(SOURCE MATERIAL begins)

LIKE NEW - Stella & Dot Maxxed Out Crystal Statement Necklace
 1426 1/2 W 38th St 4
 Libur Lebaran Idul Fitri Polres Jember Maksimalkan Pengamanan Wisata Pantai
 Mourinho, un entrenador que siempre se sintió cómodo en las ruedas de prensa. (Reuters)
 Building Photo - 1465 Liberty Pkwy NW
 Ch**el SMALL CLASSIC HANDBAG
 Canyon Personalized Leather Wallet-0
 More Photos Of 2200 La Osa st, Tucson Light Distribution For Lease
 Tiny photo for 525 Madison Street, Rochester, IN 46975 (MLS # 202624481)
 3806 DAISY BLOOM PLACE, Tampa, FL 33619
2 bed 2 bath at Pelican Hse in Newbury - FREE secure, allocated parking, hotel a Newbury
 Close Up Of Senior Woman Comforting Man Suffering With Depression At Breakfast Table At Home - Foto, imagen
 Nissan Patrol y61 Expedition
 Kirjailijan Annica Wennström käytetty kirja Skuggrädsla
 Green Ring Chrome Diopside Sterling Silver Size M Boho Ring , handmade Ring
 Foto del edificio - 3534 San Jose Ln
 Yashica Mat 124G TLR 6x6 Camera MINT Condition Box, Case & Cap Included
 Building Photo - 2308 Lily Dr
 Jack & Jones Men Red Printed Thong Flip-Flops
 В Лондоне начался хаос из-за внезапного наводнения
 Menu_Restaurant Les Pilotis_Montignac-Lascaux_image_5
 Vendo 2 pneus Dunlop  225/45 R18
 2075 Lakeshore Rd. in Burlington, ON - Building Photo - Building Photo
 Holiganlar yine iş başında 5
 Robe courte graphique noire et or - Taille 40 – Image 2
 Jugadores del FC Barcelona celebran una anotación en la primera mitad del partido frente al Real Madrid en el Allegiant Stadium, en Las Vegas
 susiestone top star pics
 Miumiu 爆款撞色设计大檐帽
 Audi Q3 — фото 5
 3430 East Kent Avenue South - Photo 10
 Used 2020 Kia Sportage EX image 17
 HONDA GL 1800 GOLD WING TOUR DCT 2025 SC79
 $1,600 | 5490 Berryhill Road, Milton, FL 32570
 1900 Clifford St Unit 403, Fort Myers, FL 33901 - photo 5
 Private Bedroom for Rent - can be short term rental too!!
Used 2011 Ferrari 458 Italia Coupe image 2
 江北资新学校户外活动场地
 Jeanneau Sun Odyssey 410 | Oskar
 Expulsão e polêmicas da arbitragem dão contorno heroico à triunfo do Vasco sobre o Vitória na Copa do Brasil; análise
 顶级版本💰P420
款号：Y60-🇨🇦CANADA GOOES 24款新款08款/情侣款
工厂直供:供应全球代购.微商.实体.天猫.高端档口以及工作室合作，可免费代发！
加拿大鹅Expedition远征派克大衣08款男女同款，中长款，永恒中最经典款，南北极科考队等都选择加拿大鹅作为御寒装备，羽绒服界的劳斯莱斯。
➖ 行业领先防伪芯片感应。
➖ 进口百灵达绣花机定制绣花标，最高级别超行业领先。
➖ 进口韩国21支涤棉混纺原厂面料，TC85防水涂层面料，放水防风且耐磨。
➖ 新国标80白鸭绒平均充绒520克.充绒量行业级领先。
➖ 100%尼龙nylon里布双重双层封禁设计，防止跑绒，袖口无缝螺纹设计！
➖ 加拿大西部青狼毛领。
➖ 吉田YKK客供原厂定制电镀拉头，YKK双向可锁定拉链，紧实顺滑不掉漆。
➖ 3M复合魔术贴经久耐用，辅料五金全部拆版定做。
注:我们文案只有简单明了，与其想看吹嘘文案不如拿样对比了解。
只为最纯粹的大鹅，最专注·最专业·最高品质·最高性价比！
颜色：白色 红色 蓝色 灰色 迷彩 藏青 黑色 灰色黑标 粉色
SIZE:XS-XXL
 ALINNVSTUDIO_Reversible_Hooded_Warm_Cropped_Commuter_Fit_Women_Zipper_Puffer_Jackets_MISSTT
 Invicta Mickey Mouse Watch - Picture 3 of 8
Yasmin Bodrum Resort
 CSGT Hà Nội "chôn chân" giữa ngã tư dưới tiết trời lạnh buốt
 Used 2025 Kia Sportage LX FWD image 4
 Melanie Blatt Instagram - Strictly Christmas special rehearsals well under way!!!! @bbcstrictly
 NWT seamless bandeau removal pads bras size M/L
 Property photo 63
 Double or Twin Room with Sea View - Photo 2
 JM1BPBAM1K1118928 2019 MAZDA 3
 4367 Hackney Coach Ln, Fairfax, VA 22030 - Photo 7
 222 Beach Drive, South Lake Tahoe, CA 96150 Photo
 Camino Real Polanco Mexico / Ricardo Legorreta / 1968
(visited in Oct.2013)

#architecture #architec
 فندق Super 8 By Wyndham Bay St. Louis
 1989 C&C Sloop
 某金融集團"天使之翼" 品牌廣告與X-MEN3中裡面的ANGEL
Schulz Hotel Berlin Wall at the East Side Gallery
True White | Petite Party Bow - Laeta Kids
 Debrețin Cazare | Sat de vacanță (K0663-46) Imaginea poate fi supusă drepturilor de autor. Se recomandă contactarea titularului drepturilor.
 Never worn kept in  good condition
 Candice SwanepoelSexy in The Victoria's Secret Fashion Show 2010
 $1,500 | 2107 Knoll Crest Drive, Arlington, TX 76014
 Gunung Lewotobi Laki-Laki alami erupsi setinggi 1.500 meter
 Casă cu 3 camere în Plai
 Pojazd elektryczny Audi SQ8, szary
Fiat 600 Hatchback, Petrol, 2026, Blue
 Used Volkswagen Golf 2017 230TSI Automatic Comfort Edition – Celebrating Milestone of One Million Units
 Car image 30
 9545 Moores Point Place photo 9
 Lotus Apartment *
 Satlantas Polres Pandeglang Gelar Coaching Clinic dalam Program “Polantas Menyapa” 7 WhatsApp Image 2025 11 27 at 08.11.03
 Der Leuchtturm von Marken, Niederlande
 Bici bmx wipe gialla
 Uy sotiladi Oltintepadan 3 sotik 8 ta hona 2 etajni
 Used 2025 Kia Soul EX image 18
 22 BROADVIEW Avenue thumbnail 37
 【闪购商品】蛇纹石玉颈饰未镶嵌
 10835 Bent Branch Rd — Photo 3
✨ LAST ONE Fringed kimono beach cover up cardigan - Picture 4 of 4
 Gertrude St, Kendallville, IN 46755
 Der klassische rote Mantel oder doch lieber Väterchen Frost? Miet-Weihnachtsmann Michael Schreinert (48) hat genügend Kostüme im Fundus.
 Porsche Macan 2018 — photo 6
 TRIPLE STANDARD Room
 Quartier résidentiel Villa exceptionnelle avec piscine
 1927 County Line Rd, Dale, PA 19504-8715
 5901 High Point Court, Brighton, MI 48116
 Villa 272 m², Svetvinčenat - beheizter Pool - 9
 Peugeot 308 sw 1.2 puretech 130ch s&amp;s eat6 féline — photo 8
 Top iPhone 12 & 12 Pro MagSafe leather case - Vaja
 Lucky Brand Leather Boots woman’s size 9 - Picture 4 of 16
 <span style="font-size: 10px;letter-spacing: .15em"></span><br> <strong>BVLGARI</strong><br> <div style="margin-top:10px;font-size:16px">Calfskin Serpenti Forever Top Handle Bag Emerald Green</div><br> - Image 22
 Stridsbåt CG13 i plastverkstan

(SOURCE MATERIAL ends)

**WHAT YOU WILL DO**. Only the count should be given: the number of lines in the entries above containing the word "South".

**THE ANSWER**. 2